Rasulullah SAW melihat bahwa semua perkataannya tak dapat mempengaruhi hati pemuda yang lebih keras ketimbang batu itu. Kemudian beliau SAW bersabda, “Berdiri dan pergilah dari sisiku serta ketahuilah bahwa tak lama lagi kau akan menyesal, dan penyesalanmu itu tak lagi berguna bagimu.”

Kemudian Rasulullah SAW memerintahkan sahabatnya untuk menyediakan sarana istirahat dan perbekalan hidup bagi orang tua itu dari baitul mal, agar dia tidak merasa terbebani dan mengalami kesusahan.

Pemuda itu merasa senang dan gembira setelah pergi dari hadapan Rasulullah SAW. Itu dikarenakan dia berhasil lepas dari tanggung jawab mengurusi ayahnya, tetapi tidak tahu bahwa penolakannya terhadap nasihat Rasulullah SAW kepadanya itu akan membawanya pada kesengsaraan di dunia dan akhirat.

Tak lama kemudian, ketika waktu penjualan kurma yang ada di gudang tiba dan membuka pintu gudang itu, tiba-tiba dia dikejutkan oleh ulat yang telah merusak semua kurma yang akan dijualnya kepada konsumen; yang tersisa hanyalah biji-bijinya dan gudang itu pun lebih pantas dijadikan kayu bakar ketimbang harus dijual kepada orang lain.

Dan beberapa hari kemudian ketika tiba saatnya menjual gandum yang ada di lumbung, tiba-tiba semua gandumnya diserang oleh serangga kecil yang merusak semuanya. Hewan kecil itu hanya menyisakan batang gandumnya saja. Akibat banyaknya ulat yang menempel, gandum itu menjadi sangat bau; bahkan hewan pun tidak mau memakannya. Karena itu, dia terpaksa menanggung semua kerugian tersebut dan mengeluarkan biaya yang sangat besar; akhirnya semua gandum itu dibuang ke gurun.

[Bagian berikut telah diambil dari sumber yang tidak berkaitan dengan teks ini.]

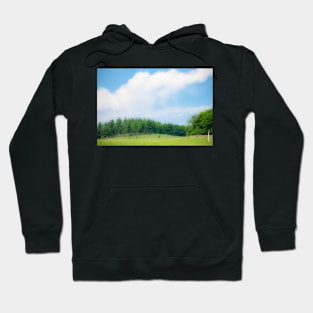 Summer Day at Shelburne Farms, Vermont Hoodie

Semua kejadian yang menimpanya itu tetap tak membuatnya jera dan sadar untuk meminta maaf kepada ayahnya, sehingga mendoakannya agar tidak lagi beroleh kerugian seperti itu lagi. Beberapa hari setelah kejadian, pemuda itu jatuh sakit. Ketika hendak mengambil uang simpanannya untuk berobat, Allah mengubahnya menjadi lempengan-lempengan tembikar sehingga tak punya uang lagi untuk berobat.

Hari demi hari penyakitnya semakin parah dan seluruh kawannya tahu bahwa kemisikinan dan penyakit yang dideritanya itu akibat kedurhakaan kepada ayahnya. Karena itu, mereka semua menjauhinya. Dua tahun kemudian, tubuhnya hanya tersisa kulit yang menempel di tulang saja. Dia melangkah di pinggir jalan sambil bertumpu pada sebuah tongkat dan meminta pertolongan kepada semua orang.

Rasulullah SAW yang ketika itu sedang berjalan di pinggiran jalan bersama sebagian sahabatnya melihat pemuda itu sedang duduk di pinggir gang dengan kondisi yang sangat mengenaskan. Beliau SAW menoleh kepada sahabatnya seraya berkata, “ Hai orang-orang yang durhaka kepada ayah dan ibunya, ambillah pelajaran dari orang ini. Inilah ganti daripada mendapatkan kedudukan dan posisi di surga, dan (yang merasa) mampu membeli surga dengan perantara harta dan posisi yang pernah dimilikinya. Tetapi ketahuilah, tidak lama lagi pemuda ini akan meninggal dunia dan masuk ke neraka Jahanam.”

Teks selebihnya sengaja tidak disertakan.